- Your objective
While leaving the pictures out, set down only the lines from the one with "Armored case for" through the end of the records, exactly as they stand.

== Extracted information

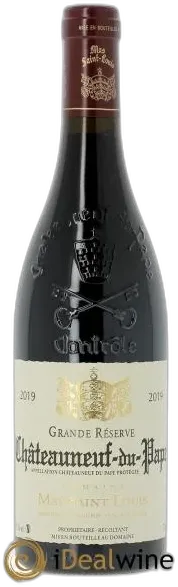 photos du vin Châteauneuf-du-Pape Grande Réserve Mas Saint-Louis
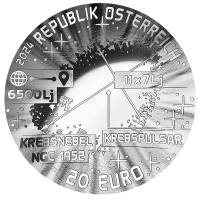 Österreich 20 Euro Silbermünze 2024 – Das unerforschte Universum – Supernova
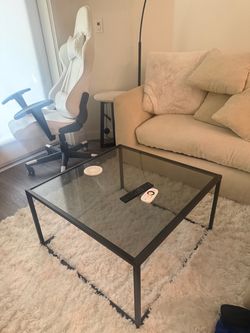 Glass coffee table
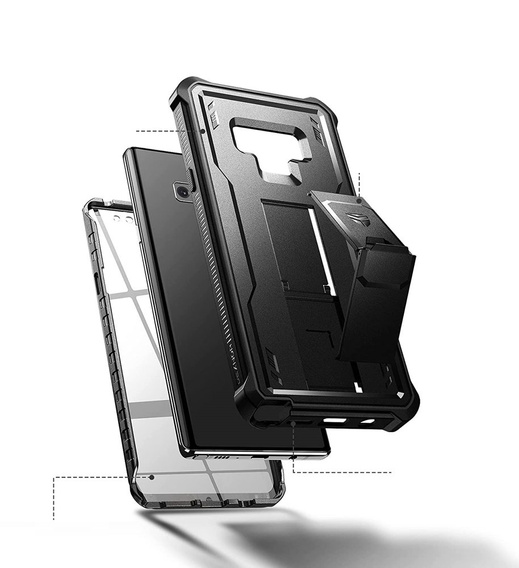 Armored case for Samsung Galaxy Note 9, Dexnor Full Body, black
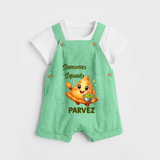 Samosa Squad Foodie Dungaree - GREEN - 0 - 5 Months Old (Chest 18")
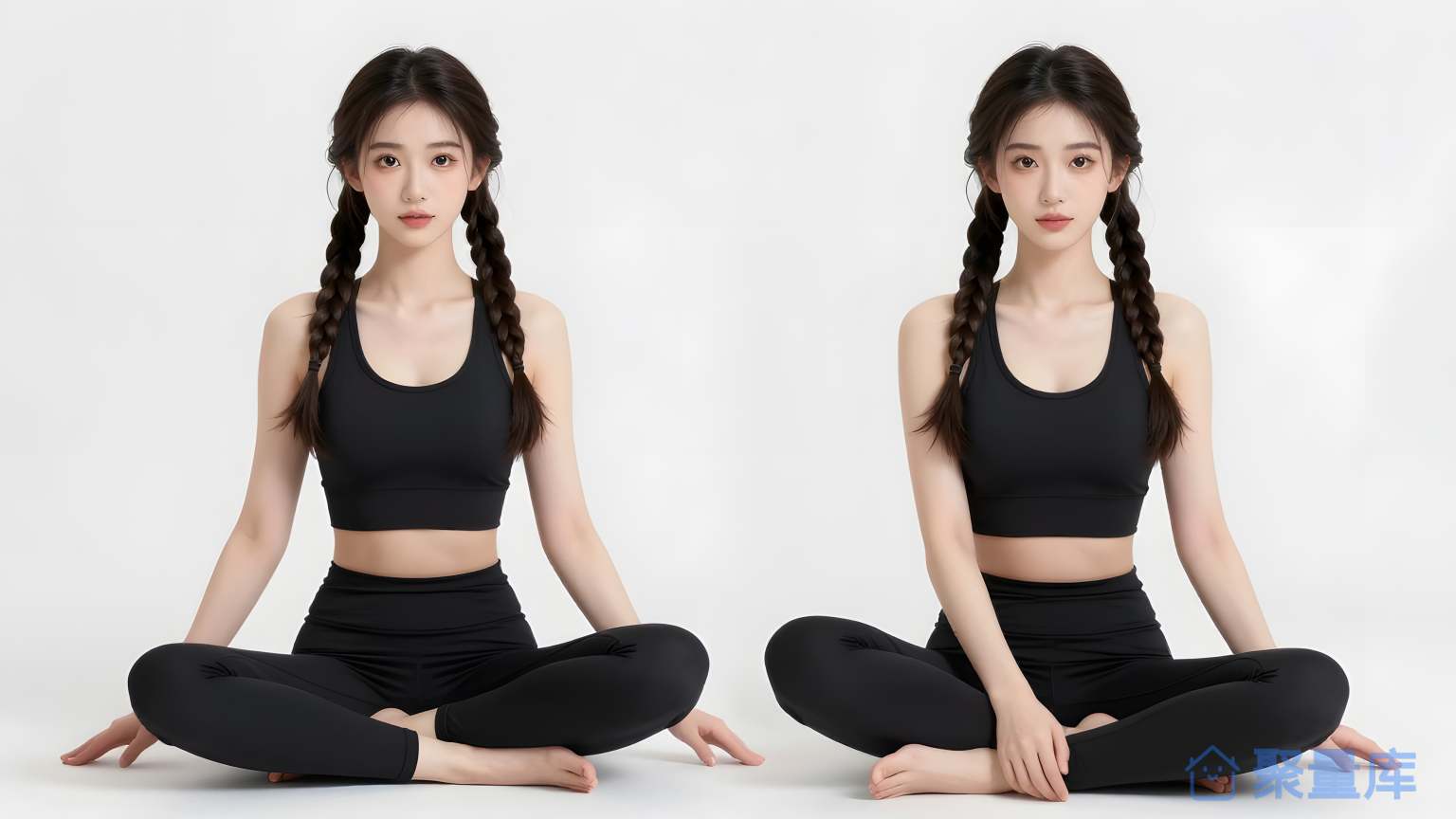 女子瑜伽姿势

====

- Task result
 Armored case for Samsung Galaxy Note 9, Dexnor Full Body, black
 Samosa Squad Foodie Dungaree - GREEN - 0 - 5 Months Old (Chest 18")
 女子瑜伽姿势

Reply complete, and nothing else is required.